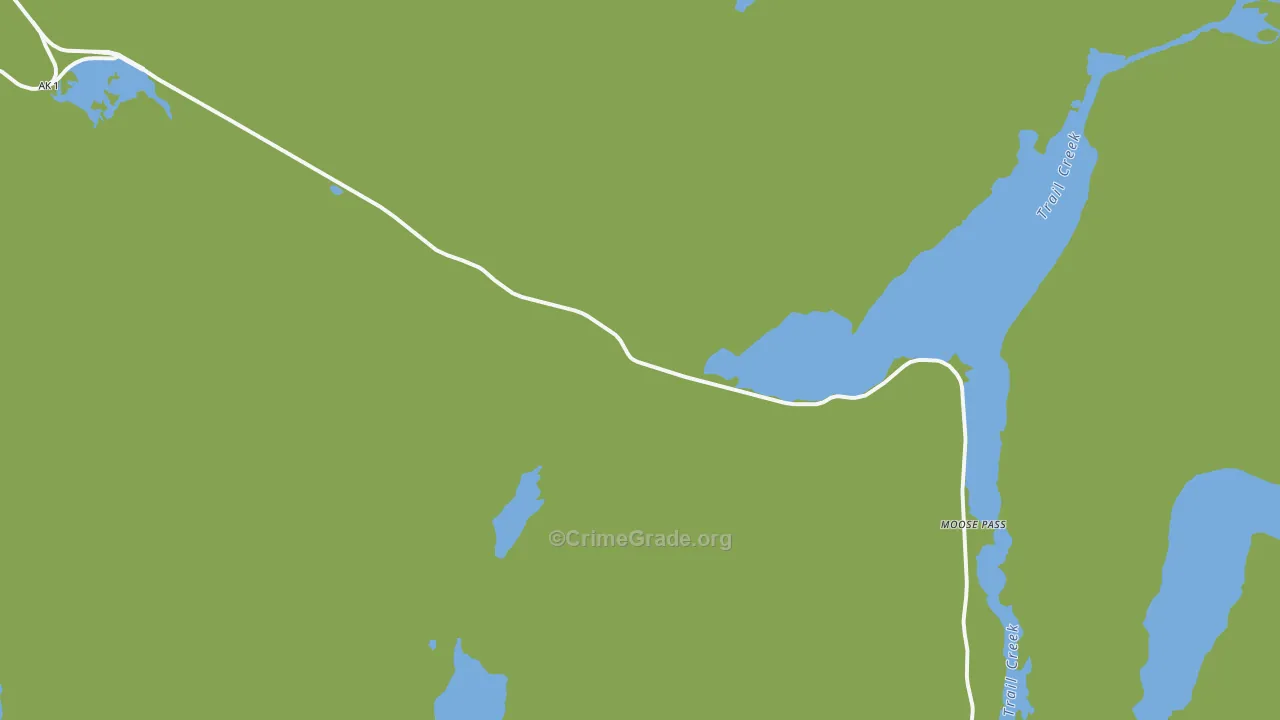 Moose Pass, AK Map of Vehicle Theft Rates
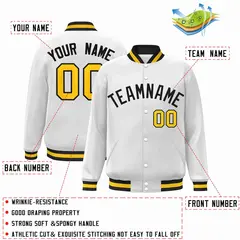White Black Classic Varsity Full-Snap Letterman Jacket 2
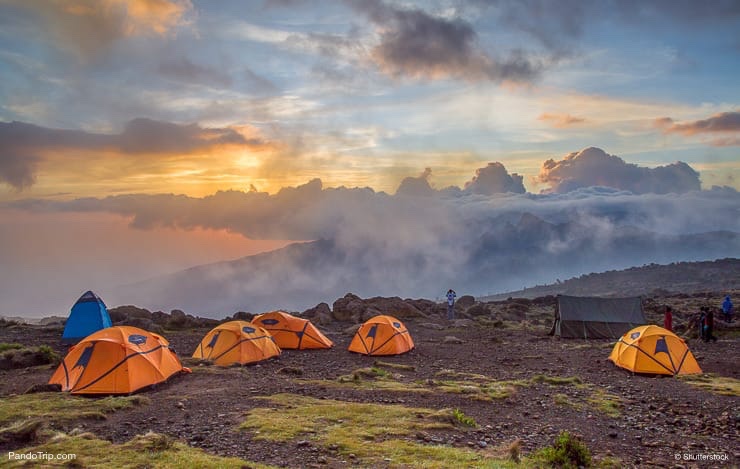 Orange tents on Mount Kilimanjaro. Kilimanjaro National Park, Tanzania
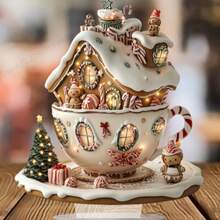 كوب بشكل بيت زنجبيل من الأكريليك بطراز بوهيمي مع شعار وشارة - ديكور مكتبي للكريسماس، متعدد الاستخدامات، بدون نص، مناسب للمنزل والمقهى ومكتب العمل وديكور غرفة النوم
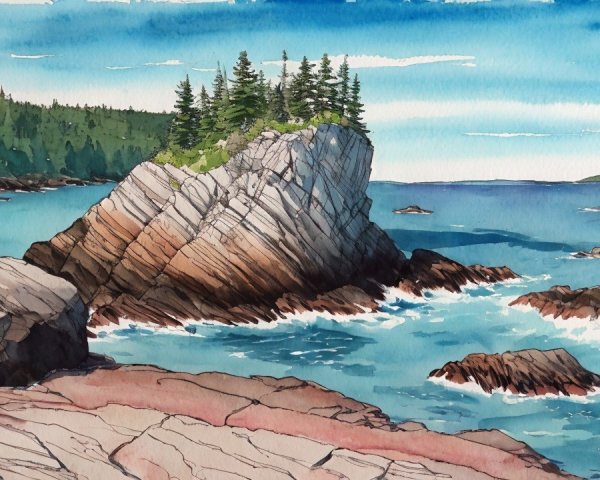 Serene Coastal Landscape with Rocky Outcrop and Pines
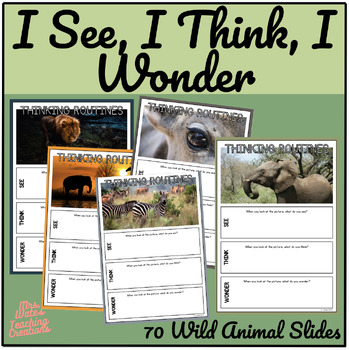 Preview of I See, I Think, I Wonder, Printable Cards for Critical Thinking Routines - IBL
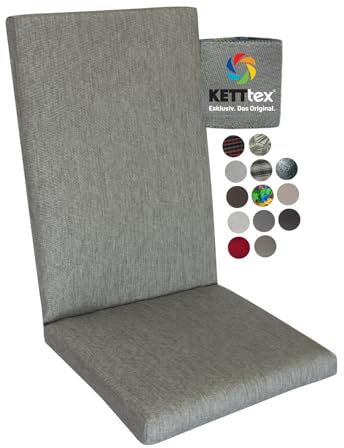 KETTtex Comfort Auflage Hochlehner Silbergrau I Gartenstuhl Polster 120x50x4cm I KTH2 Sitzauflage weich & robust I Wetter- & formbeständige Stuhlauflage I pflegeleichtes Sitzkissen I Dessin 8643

+---+

### The problem
Repeat, with no pictures, every line from the top of the entries above through the line that has "Preview of I", keeping each one exact.

### Exercise answer
 Moose Pass, AK Map of Vehicle Theft Rates
White Black Classic Varsity Full-Snap Letterman Jacket 2
 Orange tents on Mount Kilimanjaro. Kilimanjaro National Park, Tanzania
 كوب بشكل بيت زنجبيل من الأكريليك بطراز بوهيمي مع شعار وشارة - ديكور مكتبي للكريسماس، متعدد الاستخدامات، بدون نص، مناسب للمنزل والمقهى ومكتب العمل وديكور غرفة النوم
 Serene Coastal Landscape with Rocky Outcrop and Pines
 Preview of I See, I Think, I Wonder, Printable Cards for Critical Thinking Routines - IBL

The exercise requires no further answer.